Let It Flow: The Netherlands Under Water

Don’t hold it back anymore

A land of water

The Netherlands and water are an inseparable combination. In a corner of the European continent, water is everywhere, around and within. Besides its long North Sea coast line, the country is basically a large river delta. Belgium’s largest rivers, the Scheldt and the Meuse, do not reach the sea in its own territory. They go on to the Netherlands, and reach the North Sea there. Same for the Rhine, once one of the northern border rivers of the Roman Empire. The Netherlands is the place where the water goes.

A lot of the country used to be a swamp area. Its name, Netherlands, literally means low lands. With 26 percent of its land below sea level and 60 percent of the land vulnerable to flooding , an appropriate name . Its stereotypical windmills are not just a pretty sight. They were used to pump out the water, and create land for farming and living. The Dutch have been fighting the water for a thousand years. Water is what makes the country what it is.

The Dutch are quite effective in managing their water situation. They learned through experience. In 1953, a devastating storm hit. They call it the Water Disaster. Hitting the southwest of the country and the province of Zeeland, literally mean Sea-land, many dikes broke. Over 1,800 people died, in one night. The Dutch decided to lock out the water.

Keeping it out

Because if the disaster was able to happen due to the dikes being weak and old, what would be the first response? Make bigger, higher, stronger dikes. They called it the Delta Works. Instead of heightening over a thousand kilometres of dikes, they dammed the mouths of major rivers. Except not all river mouths can simply be closed shut. Some were left open, so ships could reach the massive harbours of Rotterdam and Antwerp. Nor does the water always come from the sea. It comes from the rivers, or the sky.

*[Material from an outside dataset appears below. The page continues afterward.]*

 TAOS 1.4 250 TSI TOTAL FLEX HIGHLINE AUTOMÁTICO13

While the Dutch learned from 1953, more lessons were still to come. Because of the unwillingness to demolish houses in flood prone areas, new water disasters in the 90s caused large economic damage, and hundreds of farm animals died. If keeping the water out does not always work, how about letting it in?

Letting it in

Living with the water rather than battling it. Being safe from the water by letting it in. A counter-intuitive and at first strange approach to many Dutch who know their history of dikes and water well.

Reminiscent of the children’s book “Niemand Houdt Mij Tegen”, taking place in a future where Amsterdam is flooded and Rotterdam surrounded by huge walls keeping out the water, building larger and larger dikes is not a solution. Unless you want to build 10 meter high walls along the entire coast line and at every river bank, other solutions will have to do. A solution called controlled flooding.

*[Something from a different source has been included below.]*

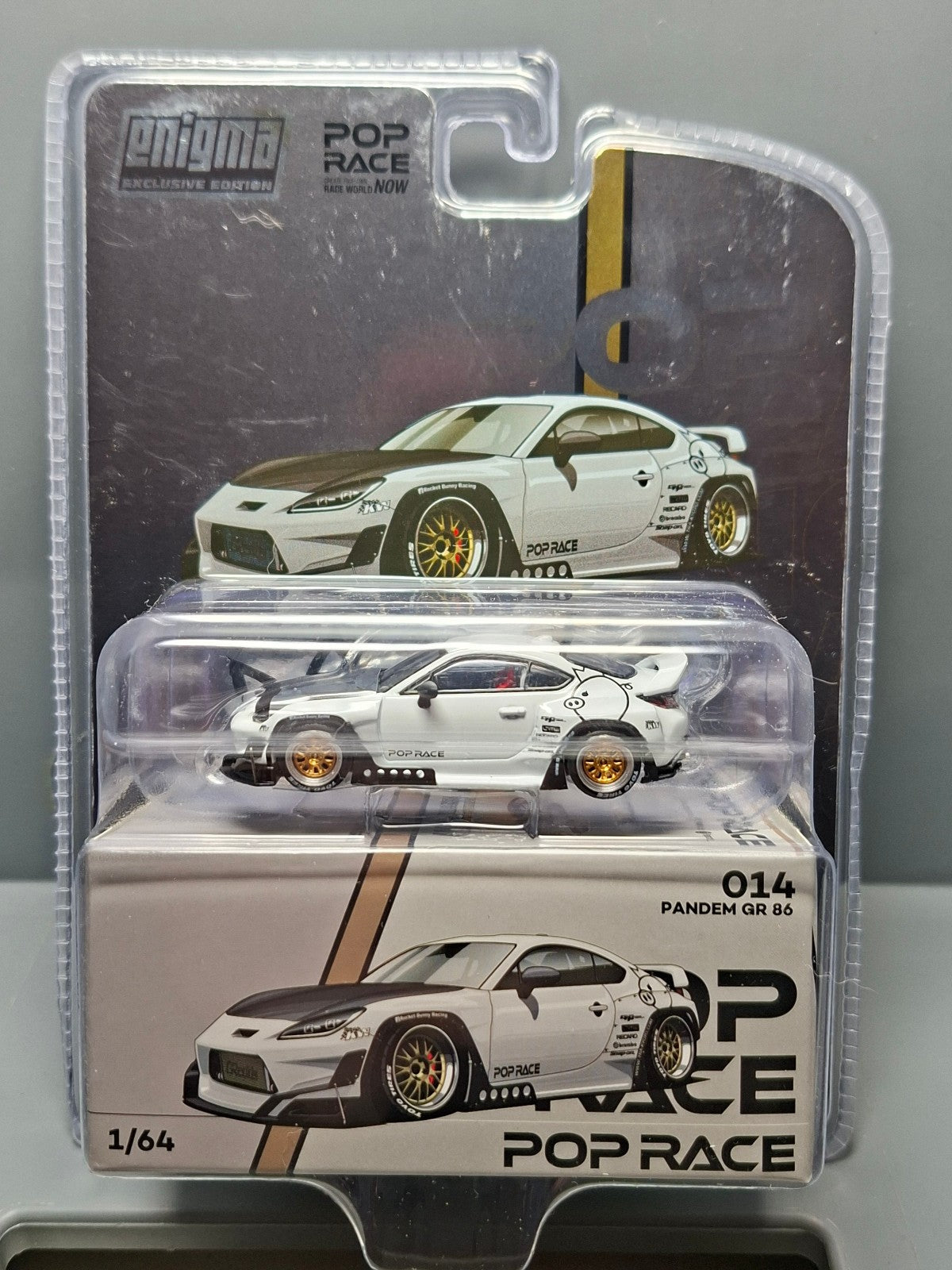 Pop Race 1/64 Toyota Pandem GR86, crystal white pearl (NG04)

The concept is simple: if places will flood anyway due to storms or sudden rises of the rivers, the Dutch would rather have farm land and parks flood, than city centres and neighbourhoods. The new project, called Room for the River, does not take land from the water. It gives the water space.

Yet in a land as densely populated as the Netherlands, all the land belongs to someone – and when the government decides your land will be re-purposed as an area to be flooded, the predictable outcome are uprooted farmers.

Flood the land

Yet the benefits are clear. In a country where 60 percent of the GDP is produced below sea level, defence against water is a priority. One example is the Overdiepse Polder.

The area, farmland by the Bergse Maas canal, lays lower than the canal and was surrounded by dikes. By lowering the dike just a bit, the area would be flooded when heavy storms occur, and by such lowering the water level of the canal – leaving the upstream city safe from flooding. By sacrificing the farmland, the city is safe. Yet of course the farmers were not cheering.

They were however given no choice. The government decided this was what is going to happen, and that was final. A politically difficult decision, especially if the results are not immediately visible. Yet, the Dutch have a responsibility to make these difficult choices. So they do not once again have to learn their lessons the hard way.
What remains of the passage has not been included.